Fish Audio releases Fish Agent V0.1 3B real-time voice cloning

Author：Eve Cole Update Time：2024-12-24 19:48:01

The editor of Downcodes learned that the latest speech processing model Fish Agent V0.13B released by Fish Audio Company has made waves in the field of AI speech with its efficient and accurate speech generation and processing capabilities. This model is particularly good at simulating and cloning various sounds, significantly improving the fidelity and response speed of the AI voice assistant, and bringing users a more natural and smooth voice interaction experience. Its innovative architecture enables "instant" voice cloning and text-to-speech conversion with a conversion time of only 200 milliseconds, which enables it to show great potential in real-time voice generation applications such as voice assistants and automated customer service.

Thanks to this innovative architecture, Fish Agent V0.13B is able to generate high-quality speech quickly and naturally, achieving "instant" speech cloning and text-to-speech conversion, with a text-to-audio conversion time (TTFA) of only 200 milliseconds. This feature makes it ideal for application scenarios that require real-time speech generation, such as voice assistants, automated customer service, and other scenarios that require fast voice feedback.

The Fish Agent V0.13B model supports multiple languages, including English, Chinese, German, Japanese, French, Spanish, Korean and Arabic, and was trained using approximately 700,000 hours of multilingual audio data.
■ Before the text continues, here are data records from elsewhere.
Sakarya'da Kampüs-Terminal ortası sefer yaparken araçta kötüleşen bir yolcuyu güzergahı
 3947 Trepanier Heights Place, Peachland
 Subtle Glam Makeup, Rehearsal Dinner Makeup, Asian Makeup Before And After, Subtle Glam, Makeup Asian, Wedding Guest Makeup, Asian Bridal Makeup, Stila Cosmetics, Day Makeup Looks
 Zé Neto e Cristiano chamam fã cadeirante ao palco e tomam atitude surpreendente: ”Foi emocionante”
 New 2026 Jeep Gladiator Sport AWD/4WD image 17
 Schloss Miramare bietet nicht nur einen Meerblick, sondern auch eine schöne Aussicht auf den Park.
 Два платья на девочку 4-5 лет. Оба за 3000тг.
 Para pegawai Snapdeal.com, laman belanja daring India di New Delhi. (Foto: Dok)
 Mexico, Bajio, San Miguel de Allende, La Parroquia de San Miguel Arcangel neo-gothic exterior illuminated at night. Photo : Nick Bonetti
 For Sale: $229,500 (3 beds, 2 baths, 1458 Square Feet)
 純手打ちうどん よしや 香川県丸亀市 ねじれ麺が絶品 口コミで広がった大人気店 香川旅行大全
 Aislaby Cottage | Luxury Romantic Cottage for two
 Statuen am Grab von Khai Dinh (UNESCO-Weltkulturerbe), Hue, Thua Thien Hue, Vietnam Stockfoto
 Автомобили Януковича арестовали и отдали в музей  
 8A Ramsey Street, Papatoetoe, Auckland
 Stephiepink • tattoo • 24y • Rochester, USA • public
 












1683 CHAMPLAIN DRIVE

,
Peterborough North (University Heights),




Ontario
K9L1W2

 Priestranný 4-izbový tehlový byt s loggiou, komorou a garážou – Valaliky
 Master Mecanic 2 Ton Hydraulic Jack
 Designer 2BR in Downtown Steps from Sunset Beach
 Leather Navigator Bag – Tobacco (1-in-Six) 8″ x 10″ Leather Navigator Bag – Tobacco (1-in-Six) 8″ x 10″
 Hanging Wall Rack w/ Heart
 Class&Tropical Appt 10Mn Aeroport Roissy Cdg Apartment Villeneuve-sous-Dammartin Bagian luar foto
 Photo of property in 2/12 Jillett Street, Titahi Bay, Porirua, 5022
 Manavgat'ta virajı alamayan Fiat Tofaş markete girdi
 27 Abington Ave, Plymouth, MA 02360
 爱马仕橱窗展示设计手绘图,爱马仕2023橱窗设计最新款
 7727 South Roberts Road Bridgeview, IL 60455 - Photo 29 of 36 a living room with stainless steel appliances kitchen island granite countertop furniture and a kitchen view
This means it can handle multiple languages and contexts and generate speech that is more natural and closer to what a real person would pronounce.

In addition to speech-to-speech generation and text-to-speech conversion capabilities, Fish Agent V0.13B also includes the following key features:

Zero-sample voice cloning: Voice cloning can be achieved without training.

Streamlined 3B parameters: Use 3 billion parameters to facilitate development.

Support text and audio input: flexible multiple input methods.

Currently, Fish Audio has open sourced the Fish Agent V0.13B model and provided a preliminary demo version for users to experience. The release of this model will further promote the development of AI voice technology and bring more possibilities to applications such as voice assistants and virtual humans.

GitHub: https://github.com/fishaudio/fish-speech

Fish Agent Demo: https://huggingface.co/spaces/fishaudio/fish-agent

Model download: https://huggingface.co/fishaudio/fish-agent-v0.1-3b

Technical report: https://arxiv.org/abs/2411.01156

The open source release of Fish Agent V0.13B marks a new milestone in AI voice technology, providing developers and researchers with powerful tools, and also indicates that AI voice applications will be richer and more convenient in the future. We look forward to Fish Audio bringing more innovations in the field of AI voice!